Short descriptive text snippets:

:::::

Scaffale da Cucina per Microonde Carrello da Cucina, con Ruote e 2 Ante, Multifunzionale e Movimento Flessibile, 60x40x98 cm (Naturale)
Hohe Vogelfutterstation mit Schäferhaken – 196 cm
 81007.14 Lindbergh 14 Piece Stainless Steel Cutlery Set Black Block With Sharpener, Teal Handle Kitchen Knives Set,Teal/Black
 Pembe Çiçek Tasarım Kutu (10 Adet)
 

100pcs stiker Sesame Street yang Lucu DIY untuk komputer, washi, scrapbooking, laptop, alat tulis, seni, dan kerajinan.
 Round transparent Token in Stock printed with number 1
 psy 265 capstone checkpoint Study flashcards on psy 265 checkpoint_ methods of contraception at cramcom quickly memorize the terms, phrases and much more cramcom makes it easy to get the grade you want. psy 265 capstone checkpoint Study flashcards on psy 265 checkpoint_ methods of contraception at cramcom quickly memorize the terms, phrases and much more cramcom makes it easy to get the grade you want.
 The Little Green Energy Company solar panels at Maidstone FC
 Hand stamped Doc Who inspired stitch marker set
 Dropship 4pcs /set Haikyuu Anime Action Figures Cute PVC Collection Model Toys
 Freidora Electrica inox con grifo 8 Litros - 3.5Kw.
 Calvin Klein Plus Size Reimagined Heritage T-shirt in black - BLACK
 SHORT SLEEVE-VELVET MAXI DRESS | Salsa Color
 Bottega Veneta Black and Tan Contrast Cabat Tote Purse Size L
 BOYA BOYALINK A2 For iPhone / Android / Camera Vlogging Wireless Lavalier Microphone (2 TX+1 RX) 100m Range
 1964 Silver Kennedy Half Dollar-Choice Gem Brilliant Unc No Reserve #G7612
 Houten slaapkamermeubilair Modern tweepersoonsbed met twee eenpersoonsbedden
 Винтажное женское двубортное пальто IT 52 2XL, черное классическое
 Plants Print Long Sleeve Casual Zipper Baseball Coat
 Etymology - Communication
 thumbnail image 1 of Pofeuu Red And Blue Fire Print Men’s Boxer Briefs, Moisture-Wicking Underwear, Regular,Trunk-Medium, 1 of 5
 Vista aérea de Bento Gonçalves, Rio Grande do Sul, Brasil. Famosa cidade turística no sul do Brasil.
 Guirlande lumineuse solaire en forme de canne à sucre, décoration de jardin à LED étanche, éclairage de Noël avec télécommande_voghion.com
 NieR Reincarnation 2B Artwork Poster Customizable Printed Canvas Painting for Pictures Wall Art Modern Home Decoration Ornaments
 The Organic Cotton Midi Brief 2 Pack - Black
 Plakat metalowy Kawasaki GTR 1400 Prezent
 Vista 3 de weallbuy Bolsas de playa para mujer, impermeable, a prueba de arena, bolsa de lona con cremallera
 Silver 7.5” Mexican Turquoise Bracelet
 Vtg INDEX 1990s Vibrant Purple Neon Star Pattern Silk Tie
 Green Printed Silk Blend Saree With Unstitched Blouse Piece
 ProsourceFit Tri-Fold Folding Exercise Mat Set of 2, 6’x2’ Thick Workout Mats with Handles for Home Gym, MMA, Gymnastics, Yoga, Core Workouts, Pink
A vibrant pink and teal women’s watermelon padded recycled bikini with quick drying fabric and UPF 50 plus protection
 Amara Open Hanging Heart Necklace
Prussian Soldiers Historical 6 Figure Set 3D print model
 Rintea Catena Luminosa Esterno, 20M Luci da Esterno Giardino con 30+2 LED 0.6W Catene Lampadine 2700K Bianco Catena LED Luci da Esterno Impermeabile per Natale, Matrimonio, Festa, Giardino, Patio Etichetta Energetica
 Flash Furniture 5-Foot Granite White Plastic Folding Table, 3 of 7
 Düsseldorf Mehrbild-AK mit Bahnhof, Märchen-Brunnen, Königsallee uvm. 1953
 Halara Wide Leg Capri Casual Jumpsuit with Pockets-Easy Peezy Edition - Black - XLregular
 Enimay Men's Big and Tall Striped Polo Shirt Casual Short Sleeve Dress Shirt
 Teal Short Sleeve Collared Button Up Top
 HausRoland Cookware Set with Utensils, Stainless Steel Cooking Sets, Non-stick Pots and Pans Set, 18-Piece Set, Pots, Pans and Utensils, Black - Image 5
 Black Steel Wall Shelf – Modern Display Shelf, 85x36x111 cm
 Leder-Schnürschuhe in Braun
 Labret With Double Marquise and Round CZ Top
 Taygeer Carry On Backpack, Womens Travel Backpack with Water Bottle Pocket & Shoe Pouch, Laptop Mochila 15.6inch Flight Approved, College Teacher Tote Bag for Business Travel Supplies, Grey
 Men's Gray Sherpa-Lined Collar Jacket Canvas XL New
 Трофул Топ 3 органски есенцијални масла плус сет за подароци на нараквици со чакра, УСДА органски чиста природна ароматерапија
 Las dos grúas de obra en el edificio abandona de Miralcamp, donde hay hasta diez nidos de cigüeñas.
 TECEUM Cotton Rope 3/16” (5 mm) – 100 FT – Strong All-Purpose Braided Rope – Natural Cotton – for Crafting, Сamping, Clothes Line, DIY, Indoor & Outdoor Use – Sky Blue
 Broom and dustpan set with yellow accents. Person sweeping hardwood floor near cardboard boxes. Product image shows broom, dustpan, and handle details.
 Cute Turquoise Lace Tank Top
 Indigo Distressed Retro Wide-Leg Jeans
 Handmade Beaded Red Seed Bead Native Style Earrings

:::::

Answer with a number only: how many lines above have the word "Canvas"?

*Answer section*.
2